Personality of Hazrat Babuji (R.A)
Hazrat Ghaus-e-Azam Syedna Sheikh Abdul Qadir Gilani (R.A) in his book “Fatoohul Ghaib” under the caption “the ten principles of Tareeqat” has given the following characteristics of "Ahl-e-Mujahida" and "Ulul Azm" people (Awlia-Allah - the Friends of God):
1. The man must not take God’s oath either deliberately or by oversight on right or wrong.
2. He should avoid telling lies, whether intentionally or by way of joke.
3. He should keep his word.
4. He should never curse anyone.
5. He should not pray against anyone even if someone has committed an excess.
6. He should never pronounce a firm Fatwa of ‘kufr’ or ‘shirk’ or ‘nifaq’ on any Ahl-e-Qibla.
7. He should keep away from open or secret sins.
8. He should not place a big or small burden on anyone; rather he should take away his burden from others.
9. He should not expect any favour from any Momin, and should not aspire to secure things which others posses.
10. He should not meek.
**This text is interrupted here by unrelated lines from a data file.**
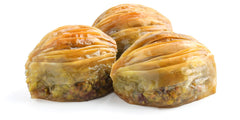 Midye Baklava:1250gr-Musselbaklava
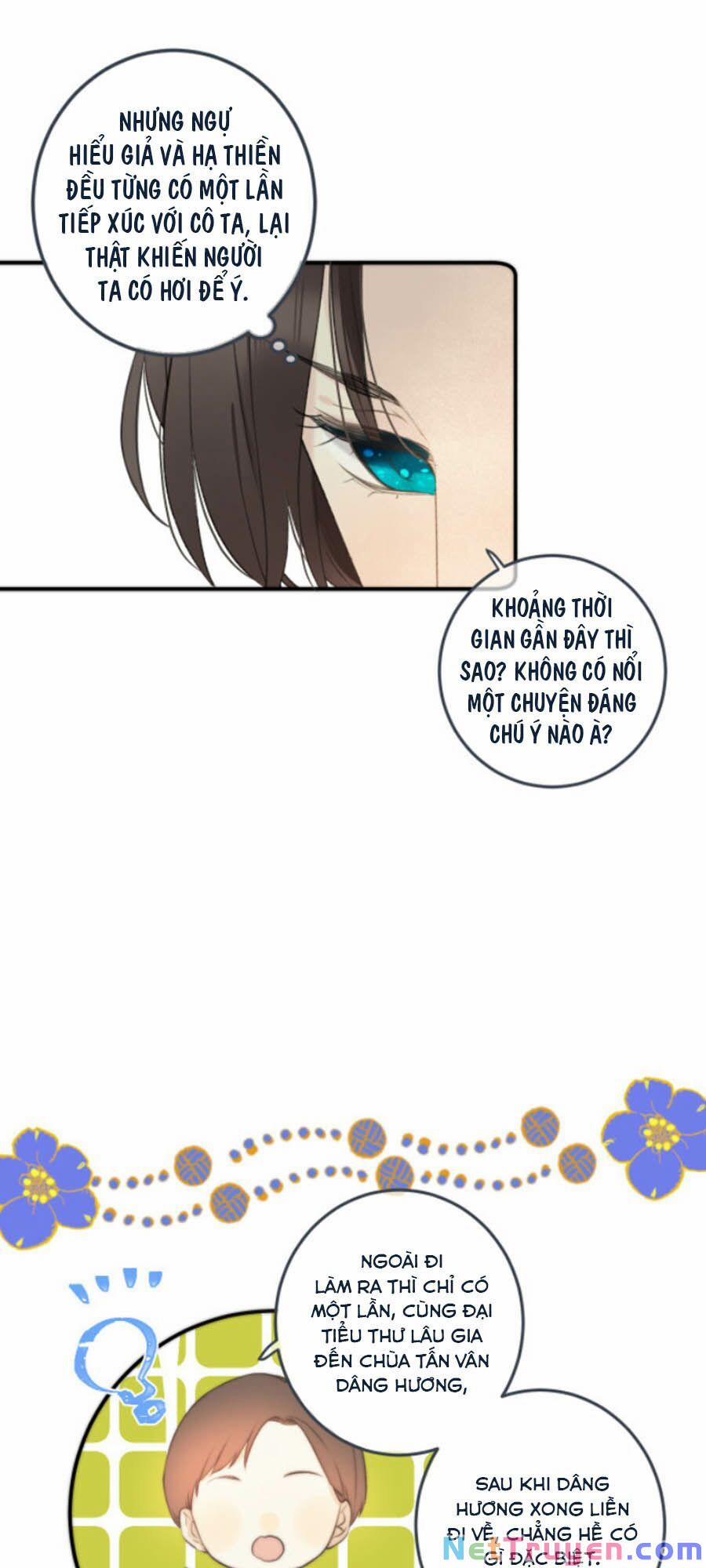 Lâu Tiểu Thư, Lại Gặp Nhau Rồi 37 trang 19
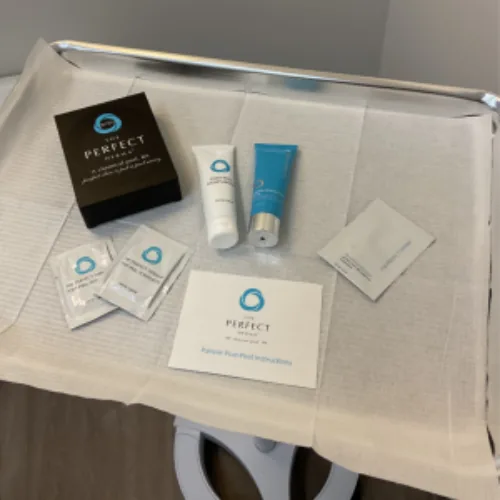 Chemical Peels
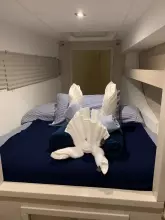 Thumbnail von Leopard 40 Christine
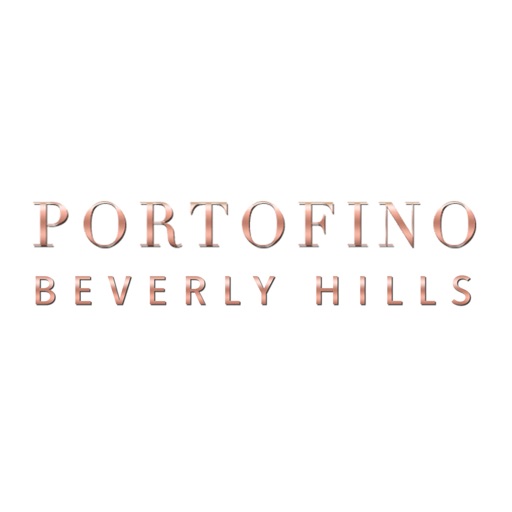 Portofino Beverly Hills icon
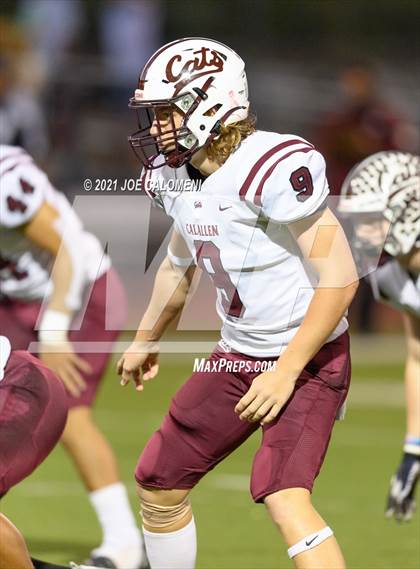 Thumbnail 2 in Calallen @ Cornerstone Christian photogallery.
Meekness means that he holds himself low and that the others are possessing a higher status before Allah against him.
No doubt, Hazrat Babuji (R.A) possessed these to an eminent degree.
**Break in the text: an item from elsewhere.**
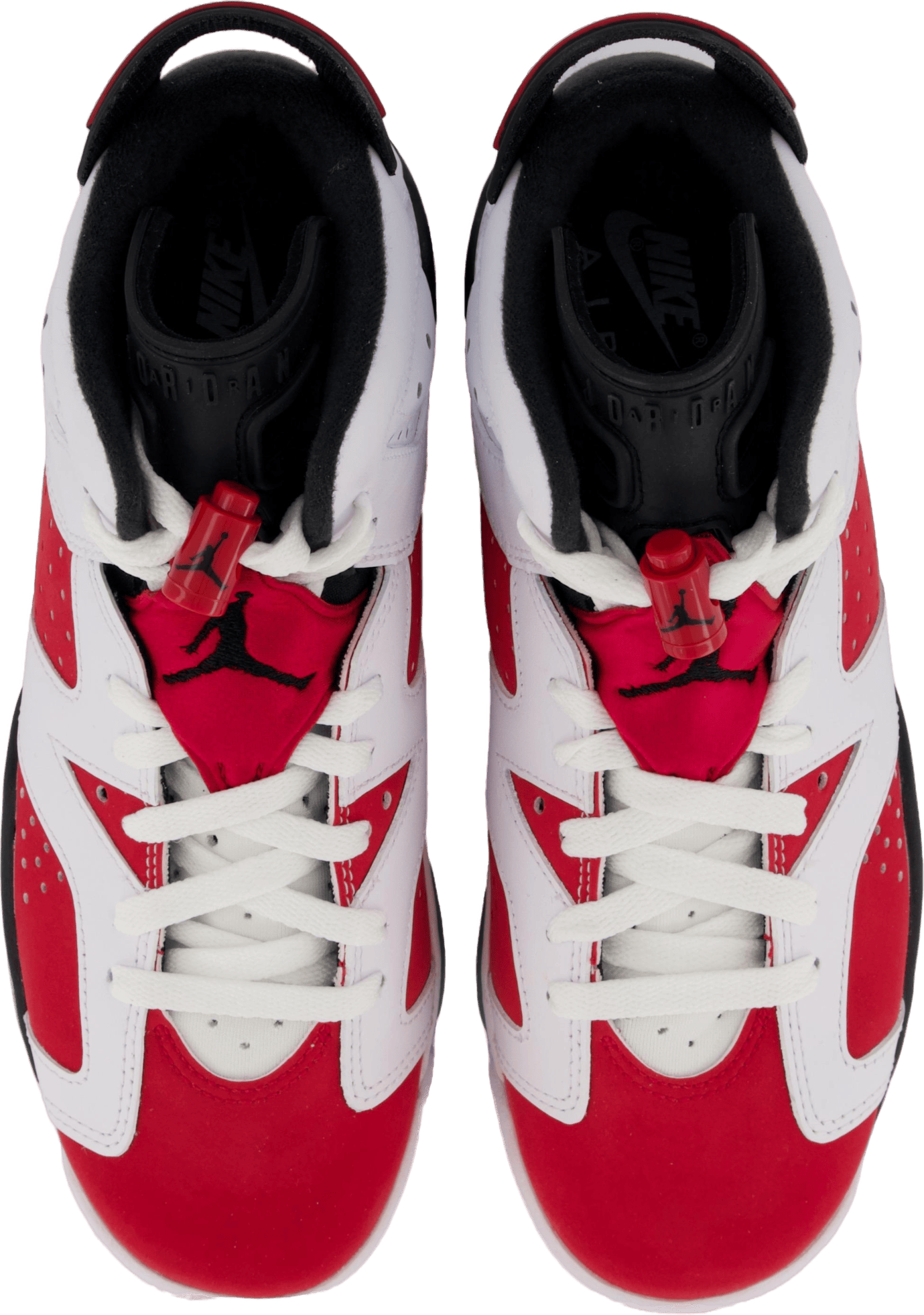 Air Jordan 6 Retro (GS) - Bild 6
The practical application of the saying to such a perfect level bears the stamp of Babuji’s own teachings, as revealed via the correspondence Babuji (R.A) maintained with his “Sangees” (Devotees were never labeled as devotees but “Sangees” meaning companion / friend, highlighting the loving, humanitarian affection he bore regardless of caste, colour or creed, for his followers).
Babuji (R.A) never held “Rahbaniyat” in high esteem. Stoicism could never replace the worth and value inherent in the actual face-to-face practical experience of the world itself. For being a part of human society amidst all conflicting demands and social duties, and then emerging as a successful person spiritually, physically, mentally and morally – an exact replica of the Sunnah and Shariah, is the ultimate truth and the highest goal to be pursued. To be cut of from the social laws and moral obligations, and set all apart in isolation in search of God is no big deal. The real gem shone in being an all-rounder, and yet apart of divine existence.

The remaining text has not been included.